START Given records
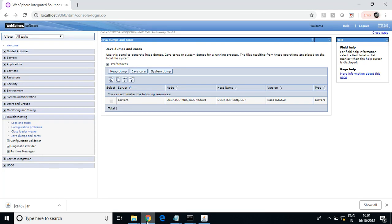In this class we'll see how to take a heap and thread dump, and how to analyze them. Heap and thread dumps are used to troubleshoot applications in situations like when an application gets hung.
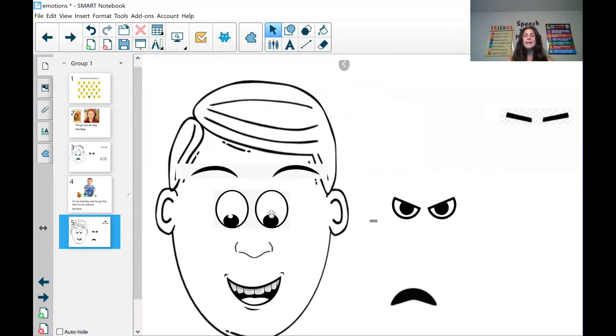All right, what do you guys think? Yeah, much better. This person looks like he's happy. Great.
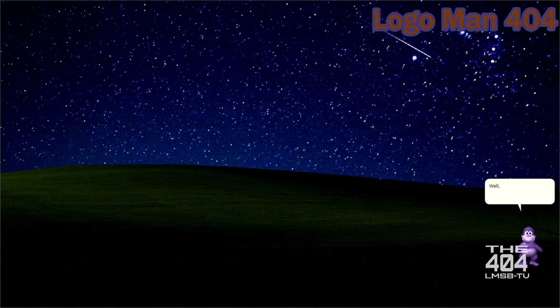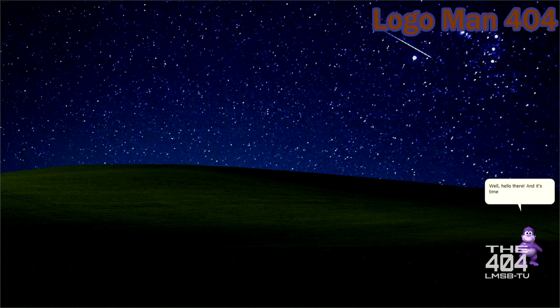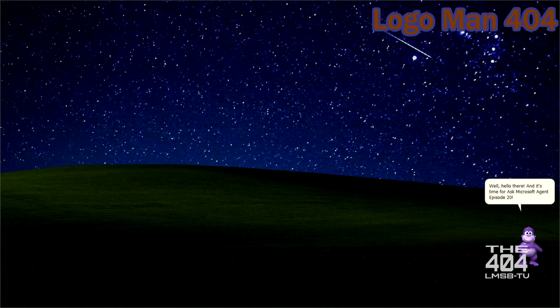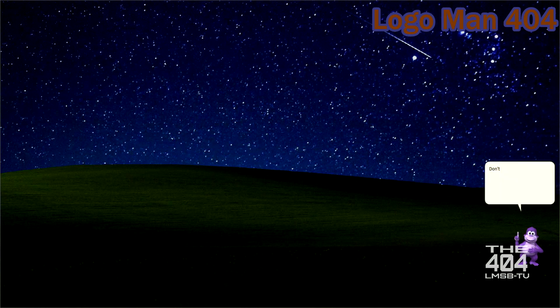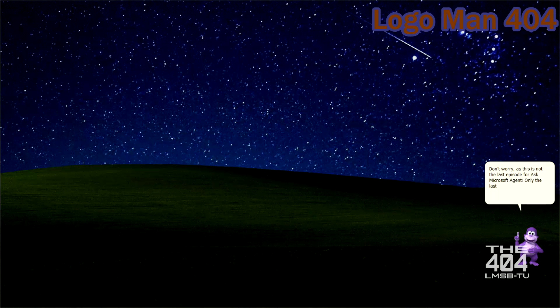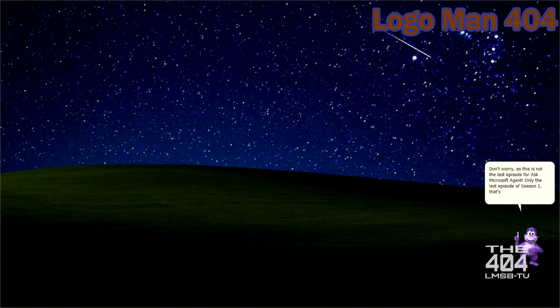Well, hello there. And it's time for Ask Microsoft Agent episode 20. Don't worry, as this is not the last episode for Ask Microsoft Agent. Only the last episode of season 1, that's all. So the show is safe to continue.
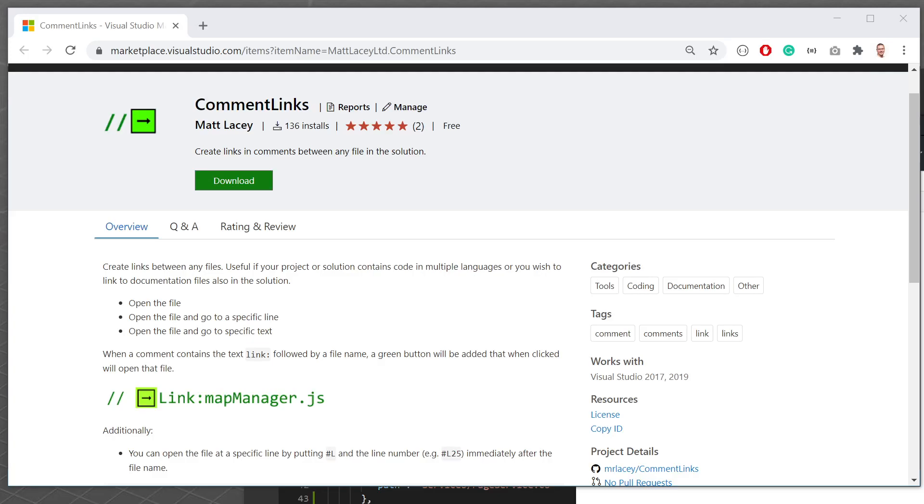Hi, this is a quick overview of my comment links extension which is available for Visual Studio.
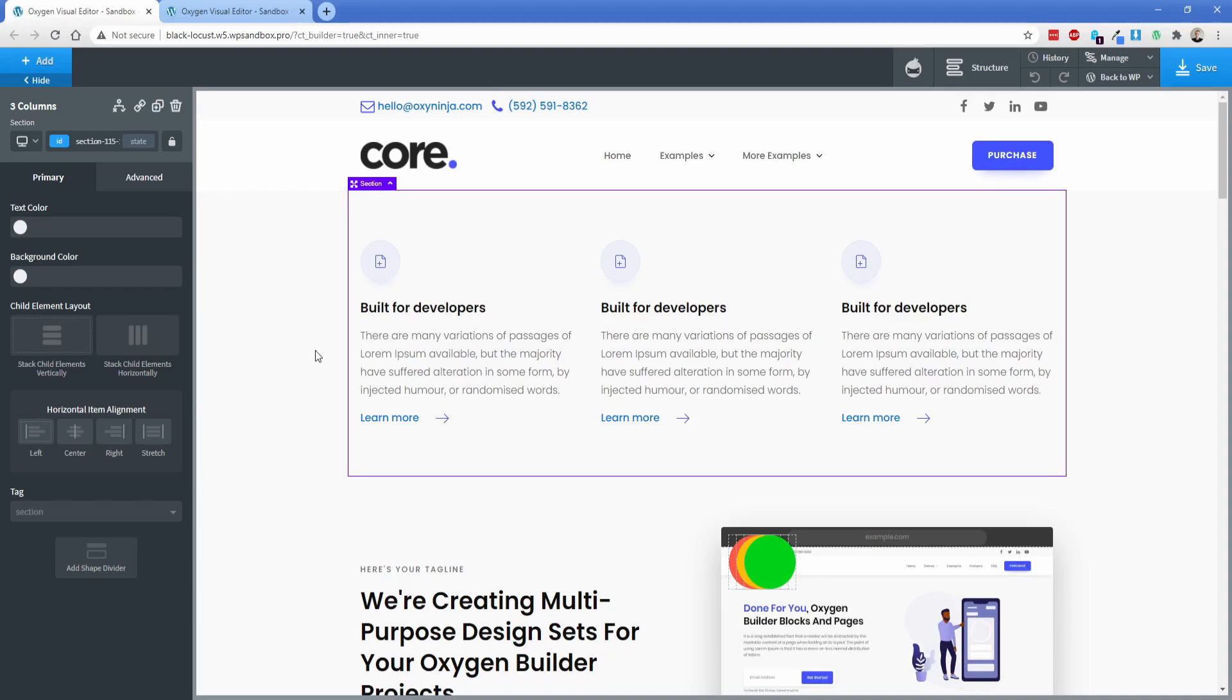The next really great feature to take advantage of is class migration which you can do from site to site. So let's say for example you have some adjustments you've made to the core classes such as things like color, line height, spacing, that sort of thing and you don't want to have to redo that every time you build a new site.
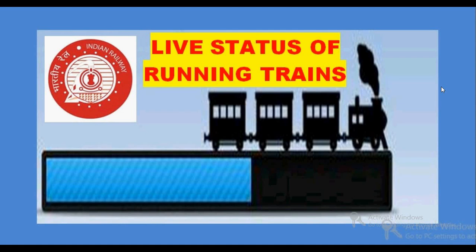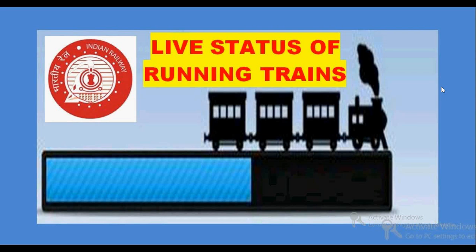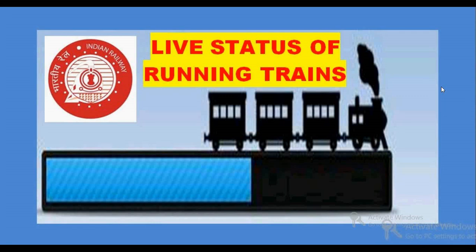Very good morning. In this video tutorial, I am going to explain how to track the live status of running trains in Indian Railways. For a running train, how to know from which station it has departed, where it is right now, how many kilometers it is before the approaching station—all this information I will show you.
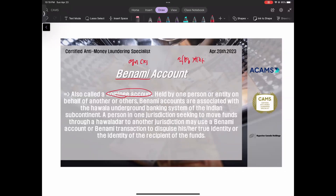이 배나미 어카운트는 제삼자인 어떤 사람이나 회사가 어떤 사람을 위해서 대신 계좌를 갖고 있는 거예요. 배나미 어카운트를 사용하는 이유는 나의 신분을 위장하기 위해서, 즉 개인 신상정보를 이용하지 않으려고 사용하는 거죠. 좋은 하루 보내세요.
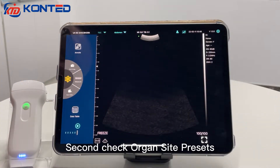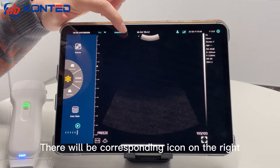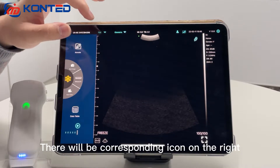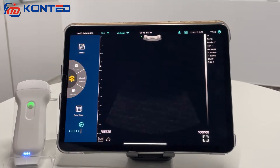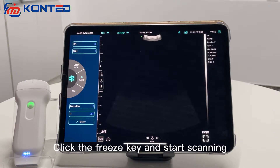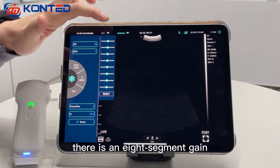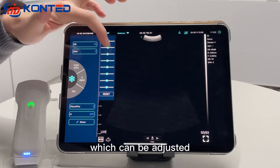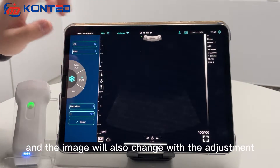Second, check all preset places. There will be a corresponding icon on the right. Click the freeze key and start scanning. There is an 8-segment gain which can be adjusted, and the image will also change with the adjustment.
END Given records
#### [Task goal]
Print the lines from the beginning of the records up to and including the line containing "이 배나미 어카운트는", word for word, with no pictures.

#### [Task answer]
In this class we'll see how to take a heap and thread dump, and how to analyze them. Heap and thread dumps are used to troubleshoot applications in situations like when an application gets hung.
All right, what do you guys think? Yeah, much better. This person looks like he's happy. Great.
Well, hello there. And it's time for Ask Microsoft Agent episode 20. Don't worry, as this is not the last episode for Ask Microsoft Agent. Only the last episode of season 1, that's all. So the show is safe to continue.
Hi, this is a quick overview of my comment links extension which is available for Visual Studio.
The next really great feature to take advantage of is class migration which you can do from site to site. So let's say for example you have some adjustments you've made to the core classes such as things like color, line height, spacing, that sort of thing and you don't want to have to redo that every time you build a new site.
Very good morning. In this video tutorial, I am going to explain how to track the live status of running trains in Indian Railways. For a running train, how to know from which station it has departed, where it is right now, how many kilometers it is before the approaching station—all this information I will show you.
이 배나미 어카운트는 제삼자인 어떤 사람이나 회사가 어떤 사람을 위해서 대신 계좌를 갖고 있는 거예요. 배나미 어카운트를 사용하는 이유는 나의 신분을 위장하기 위해서, 즉 개인 신상정보를 이용하지 않으려고 사용하는 거죠. 좋은 하루 보내세요.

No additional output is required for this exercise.